Nursing Home Failures Led to Untreated Infections and Death

An elderly female nursing home resident is the subject of this case. Aside from atrial fibrillation, she also suffered from ischemic heart disease, peripheral artery disease, and heart failure. Over a three-month period, she developed an unstable pressure wound in the left gluteal region, aspiration pneumonia, a urinary tract infection, and gangrene in her foot. She died from osteomyelitis, debridement, and amputations caused by the infection.

Erin O'Brien

Written by Erin O'Brien

- Updated on July 14, 2023

Nursing Home Failures Led to Untreated Infections and Death

Quality of care and pressure wounds.

Pressure ulcers have one of the highest occurrence rates in nursing home settings. Given the aging population, increasingly fragmented care, and nursing shortages, the incidence of pressure ulcers is expected to continue to rise. There has been a long-standing belief among nursing experts that bedsores are associated with poor, or no nursing care, not with the disease and many clinicians believe that pressure ulcer development is a breakdown in the healthcare team's cooperation and skill.
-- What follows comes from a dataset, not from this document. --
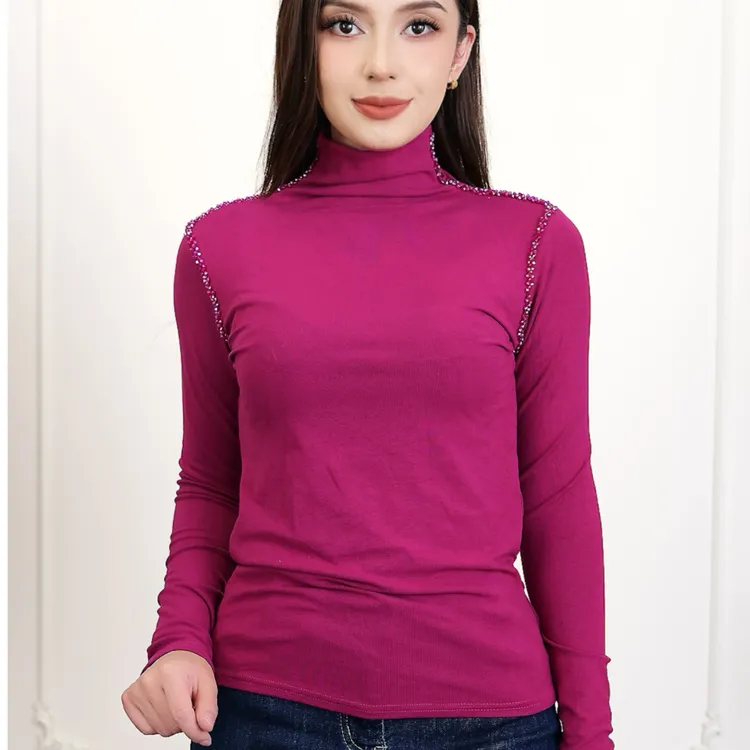 【皇后1】isilhanish高领 ｜重工囊钻半高领打底衫长袖T恤5012女6色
Pressure sores of stage IV occur when deep soft tissue, bone material, muscles, and tendons are exposed to infecting organisms and are caused by factors such as friction, pressure, and shear that cut off blood supply to the skin. Without proper treatment, this loss of blood flow can cause skin death and wound formation. The pressure ulcers can eventually spread to the bones if left untreated. This type of pressure ulcer is associated with major infectious complications including soft tissue infection and osteomyelitis (acute bone infection).

Aspiration pneumonia in nursing home care is generally caused due to difficulties in chewing or swallowing. The primary cause of the disease is a failure to perform feeding assessments, or failure to follow doctors' prescribed feeding orders.

Urinary tract infections are extremely common in the elderly, and untreated infections can lead to sepsis and death. The prevalence of UTI makes competent nursing homes vigilant in watching for signs and symptoms.

In this case, the resident's sores, pneumonia, and infections were at advanced stages. This indicated a lack of care in the care of this patient that was below the standard of care for any healthcare facility. This led to the patient’s early demise.

Question(s) For Expert Witness

In determining standard of care and causation, an expert in wound care and geriatrics is required.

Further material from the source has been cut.